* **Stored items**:

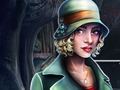 Trò chơi Một mình ở Shadowland  trực tuyến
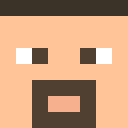 Skin head 341315cf731461568eb869cacc74f479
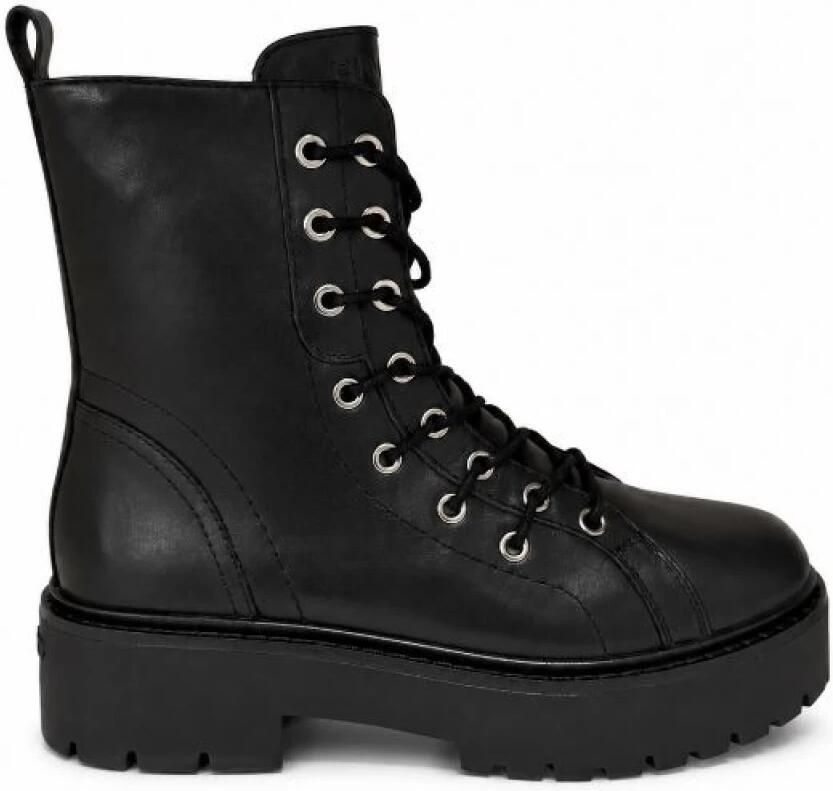 PINKO Platte Schoenen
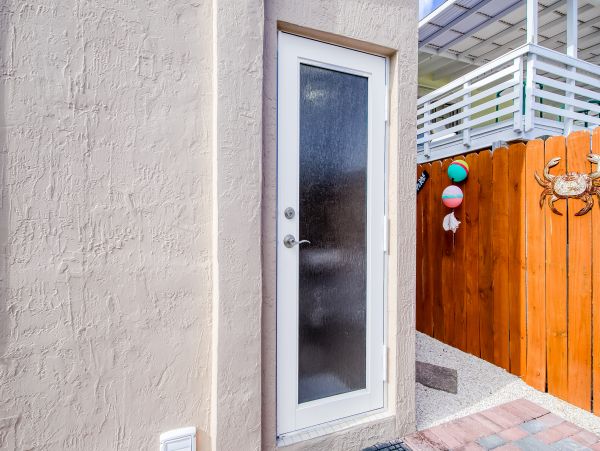 The Florida Keys Condo 1021745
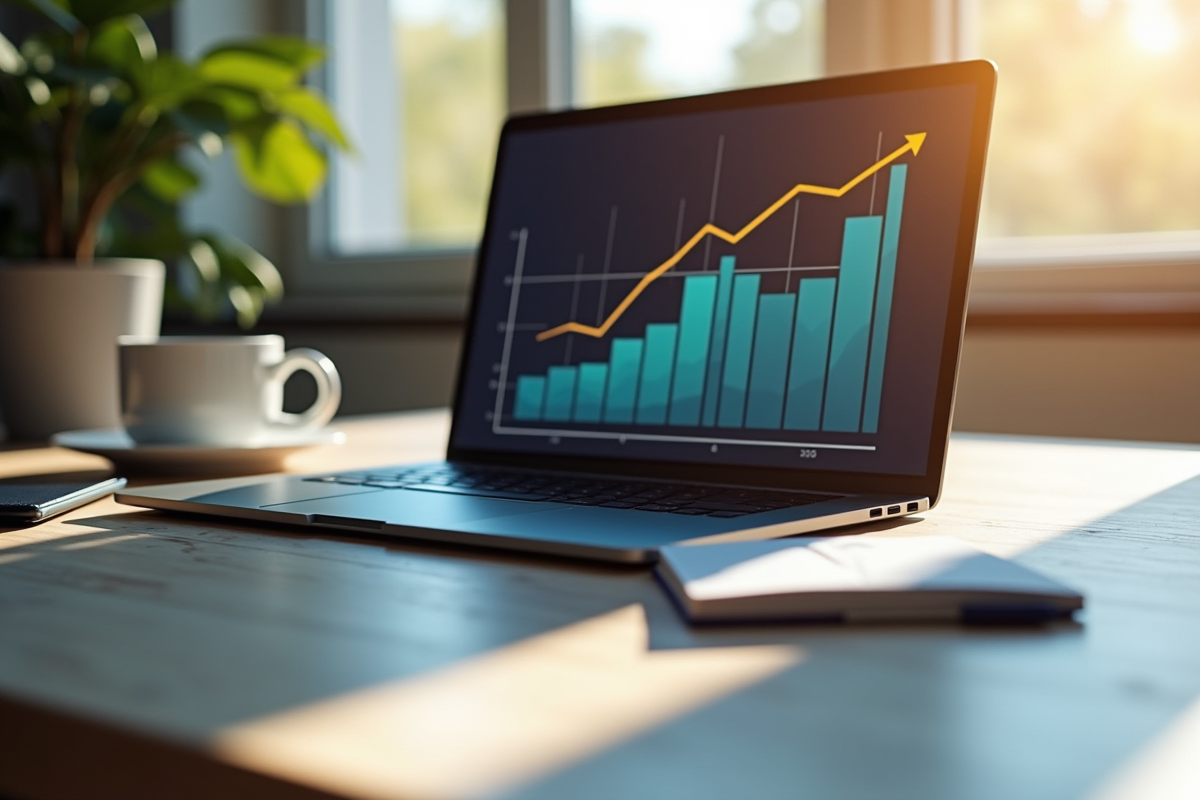 placement financier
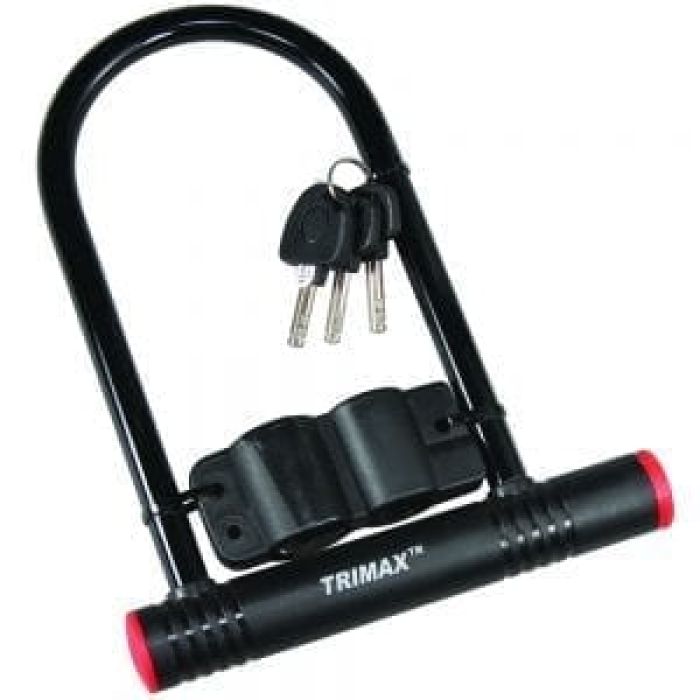 14MM SHACKLE LOCK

* **Problem to solve**: Copy every line of the data word for word, omitting the images.

* **Response below**:
 Trò chơi Một mình ở Shadowland  trực tuyến
 Skin head 341315cf731461568eb869cacc74f479
 PINKO Platte Schoenen
 The Florida Keys Condo 1021745
 placement financier
 14MM SHACKLE LOCK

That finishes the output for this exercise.